A walking strategy that will secretly make you a happier person
You would be hard pressed to find an easier way to improve your health and extend your life than adding a few steps to your days. Walking more does everything from strengthening your heart to helping you lose weight and even improving your mood. In the case of the latter, a notable study published the scientific journal Emotion found that going for a walk can improve your mood and increase your energy levels, even if you are waiting feel worse afterwards.
But if you are looking to really improve your mood and to see the world in a much more positive light, walking can also help. You just need to employ a specific mental technique designed by researchers of Iowa State University and published in the Journal of Happiness Studies. Read on to discover the secret trick that can help you blaze a trail to a happier existence. And if you’re someone who loves to walk, make sure you know the secret cult walking shoe that is obsessing walkers everywhere.
For the study, the researchers asked students to use one of four mental techniques while walking in a building for 12 minutes:
The technique of “benevolence”: these students were instructed to think only of positive, well-meaning thoughts about the people they noticed while walking. While sincerity cannot be guaranteed, the study authors encouraged participants to truly believe what they think. For example, “I wish this person was happy.”
The Interconnection Technique: This group was asked to look at others and think about how we are all connected, and imagine that they have similar hopes, dreams, fears, and interests.
The top-down social comparison technique: this part of the participants was asked to look down on others and consider how they are doing better than everyone else.

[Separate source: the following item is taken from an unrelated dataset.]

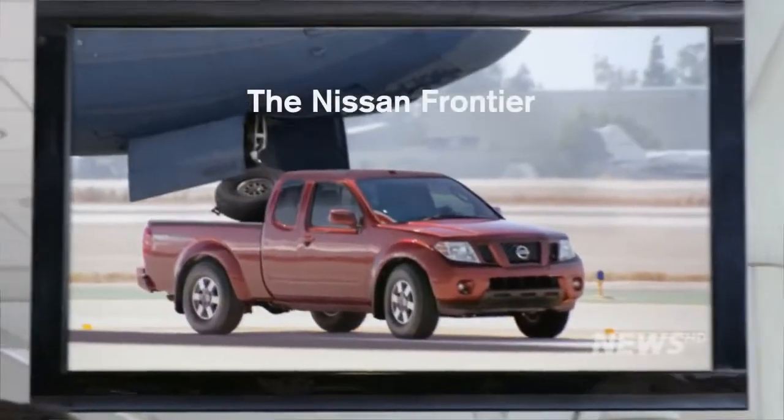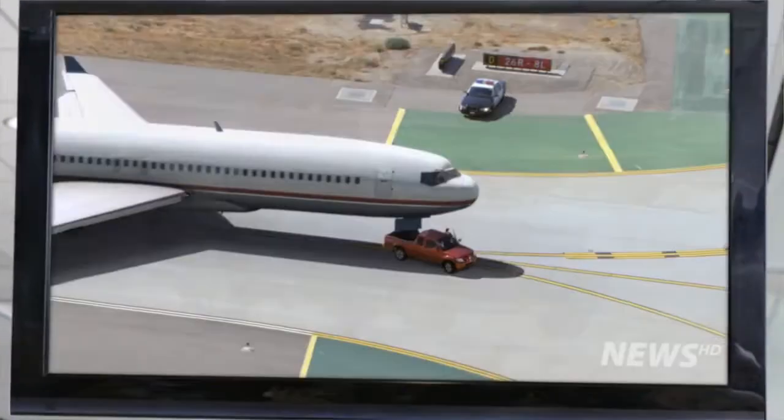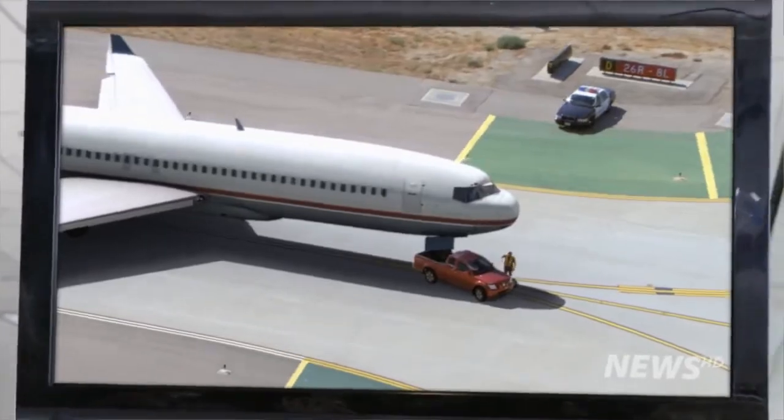The mid-sized Nissan Frontier, with full-size payload and towing. Innovation for doers, innovation for all.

And the control group: Finally, this group served as a point of comparison for the other groups. These students were asked to focus only on the physical appearance of others (clothing, style, makeup, etc.).
Before and after each participant took the 12-minute walk, the study authors conducted surveys of levels of anxiety, happiness, stress, empathy, and connectedness. When all of this was done, the research team compared the feelings of the first three experimental groups with the fourth control group. And to learn more about the benefits of walking, check out the Secret Little Exercise Tips That Will Extend Your Life here.

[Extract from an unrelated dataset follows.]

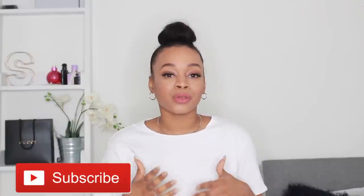Before we jump in, if you're watching this and you're not subscribed to my channel, please go ahead and hit the subscribe button and also the notification bell so you're notified every time I upload a video.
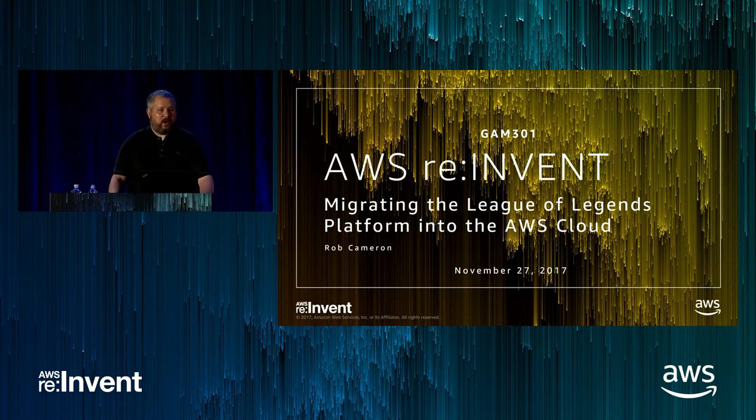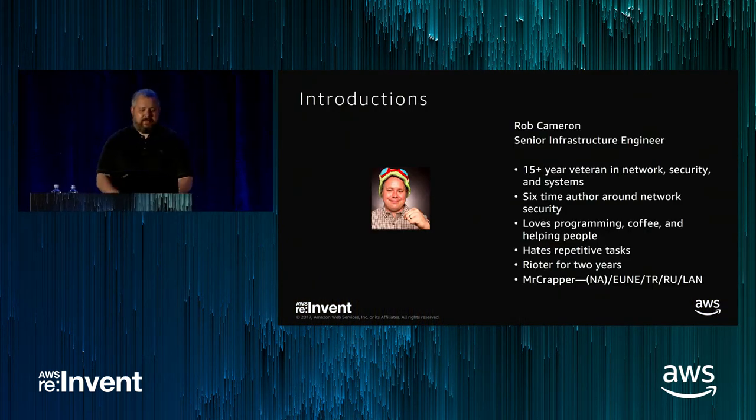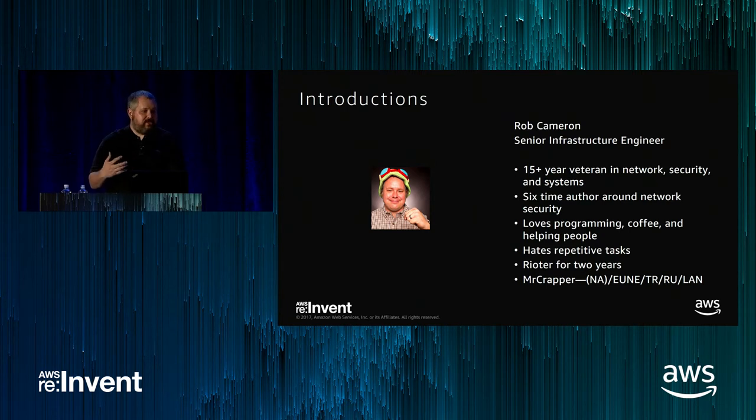Welcome to my talk, Migrating the League of Legends Platform into AWS Cloud. I appreciate everyone coming and spending their first session with me here at the Gaming Track. This is an exciting time to talk about a project we did, started maybe a little bit over a year ago, and then kind of go through the results about how we got to where we're at today. My name is Rob Cameron. I'm a Senior Infrastructure Engineer at Riot Games. I've been doing this for over 15 years in network security and systems. I'm originally from Detroit. I also used to write books, primarily around security products, but now I take all that time to write code.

The results have been striking to say the least. Students who had been assigned to the Compassionate Group felt significantly less anxiety and more happiness, empathy, caring feelings, and interconnectivity. Likewise, participants within the interconnect group were more empathetic and connected.
Meanwhile, subjects who compared and despised themselves with others showed zero advantages over the control group. In fact, they said they felt much worse all around. Students placed in the top-down social comparison group felt more isolated, less empathetic and less caring.
“Walking around and offering kindness to others around the world reduces anxiety and increases happiness and feelings of social connection,” says study co-author Douglas Gentile, Ph.D., professor of psychology at ISU. “It’s a simple, time-saving strategy that you can incorporate into your day-to-day activities.”
Although these results are based on a walk in a building, there is no indication that the same would not be true while walking in a park or any other place where you might meet other people.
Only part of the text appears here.